EXERCISE INSTRUCTIONS -
Set every entry down again, unchanged, picture-free.

[[ INFORMATION SUPPLIED, beginning ]]

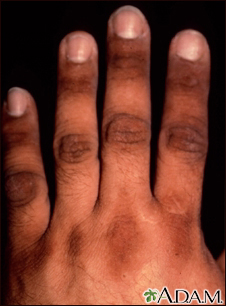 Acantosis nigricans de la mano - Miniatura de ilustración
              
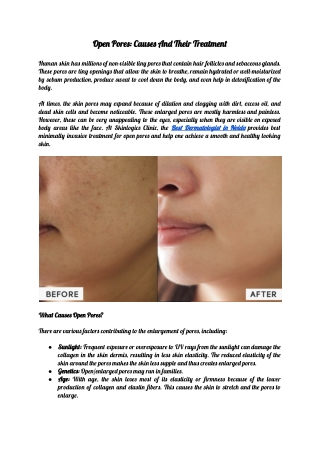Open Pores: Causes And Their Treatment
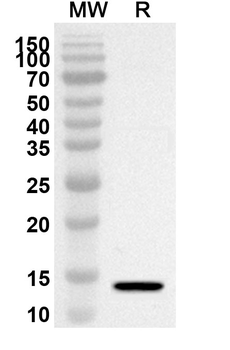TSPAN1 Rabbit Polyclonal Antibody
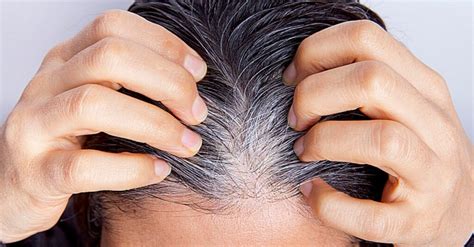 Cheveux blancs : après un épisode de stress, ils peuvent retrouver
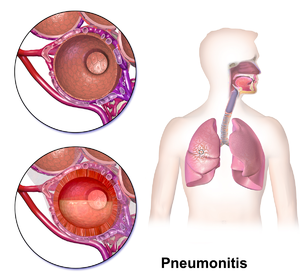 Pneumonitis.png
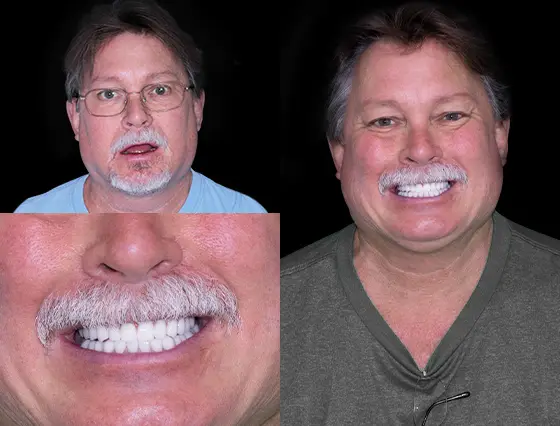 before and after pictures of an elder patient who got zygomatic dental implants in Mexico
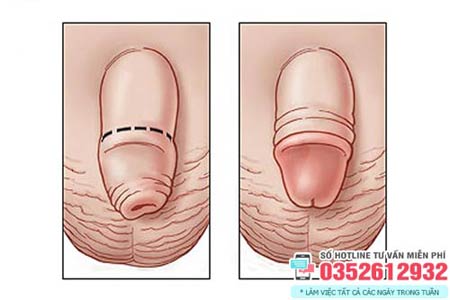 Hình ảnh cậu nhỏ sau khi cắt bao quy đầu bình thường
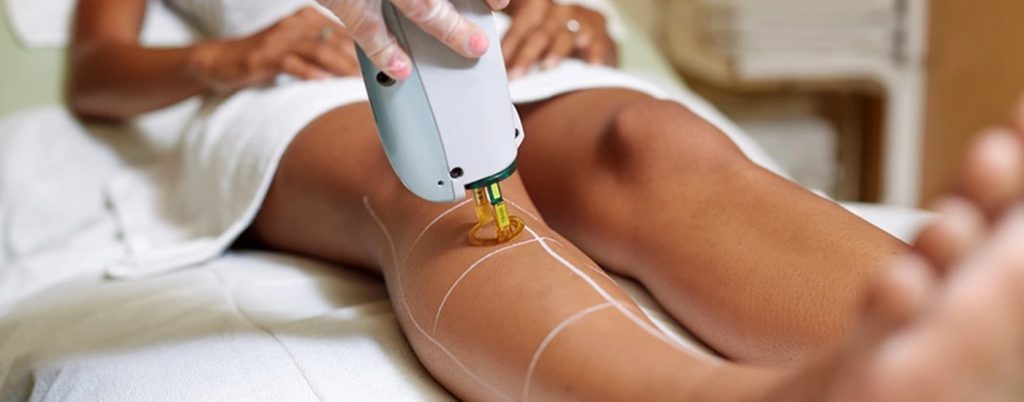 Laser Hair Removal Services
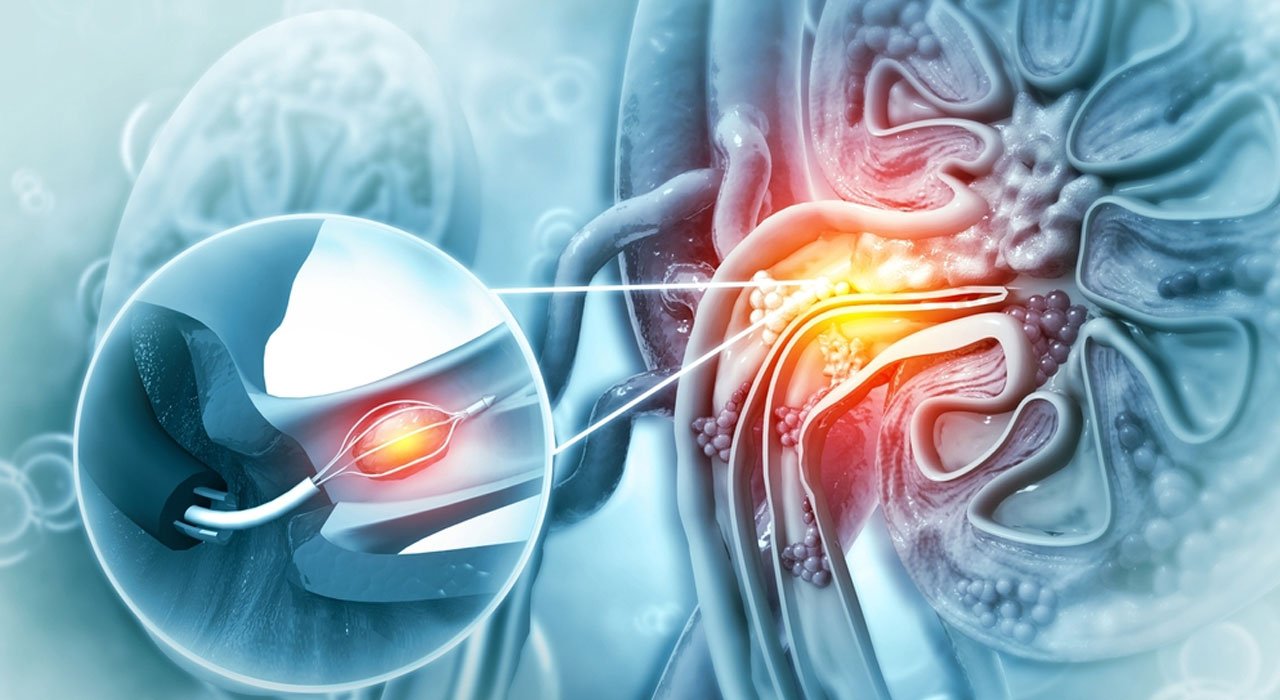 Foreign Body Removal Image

[[ INFORMATION SUPPLIED, end ]]

EXERCISE RESULT -
 Acantosis nigricans de la mano - Miniatura de ilustración
              
Open Pores: Causes And Their Treatment
TSPAN1 Rabbit Polyclonal Antibody
 Cheveux blancs : après un épisode de stress, ils peuvent retrouver
 Pneumonitis.png
 before and after pictures of an elder patient who got zygomatic dental implants in Mexico
 Hình ảnh cậu nhỏ sau khi cắt bao quy đầu bình thường
 Laser Hair Removal Services
 Foreign Body Removal Image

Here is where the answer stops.